Throughout his life Adolf Loos raised his eloquent voice against the squandering of fine materials, frivolous ornamentation and unnecessary embellishments. His admirers consider him to be the inspiration for all modern architecture. Yet, few are acquainted with his amusing, incisive, critical and philosophical literary work reflecting on applied design and the essence of clothing in fin de siècle Vienna. Adolf Loos often had a radical, yet innovative outlook on life that made him such a nuisance for many of his contemporaries. His provocative musings on many subjects portray him as a man of varied interests and intellectual refinement as well as possessing a keen sense of style, which still has value today. For the first time the Loos Dress Code is available in English. Included is a short social/historical look as the birth of Modernism in Adolf Loos Vienna.”




Learning to Dwell: Adolf Loos in the Czech Lands – review
Riba, London

Rowan Moore
Sunday 20 February 2011 00.03 GMT

"The naked woman," said the architect Adolf Loos, "is unattractive to man." It is one of the more striking statements in the history of architectural writing, and one that may not seem to have much to do with architecture, but it is part of a theory that has done much to shape the buildings of the past 100 years.
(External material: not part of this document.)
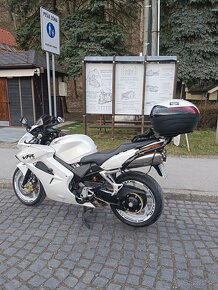 Honda vfr 800. V tp 35kw - 2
If you have eaten in a restaurant or visited a hotel describing itself as "minimalist", or ever been struck by the lack of ornament on any modernist building, you will have witnessed the after-effects of this strange thought. According to a 1930s critic: "There lives not one single architect who does not carry within himself a bit of Loos."

Women, argued Loos, have to dress and ornament themselves to appeal to "man's sickly sensuality". They have to wear impractical things such as long skirts that stress their decorative role. It would be much better if both men and women wore plain, well-made clothes like the English suits that he especially liked. Ornament, he famously said, is linked to degeneracy and crime and should be removed from objects of daily use: not just clothes, but furniture and buildings.

Loos is usually described as Austrian, but he grew up in the town of Brno, then part of the Hapsburg empire, now in the Czech Republic. Some of his best works are in that country, in Brno, Prague and Plzen. This week, an exhibition opens at the Royal Institute of British Architects that, originating in Prague, seeks to reclaim Loos for his homeland. It should also, distributed across several floors of Riba's headquarters, be a good introduction to the work of this astonishing man.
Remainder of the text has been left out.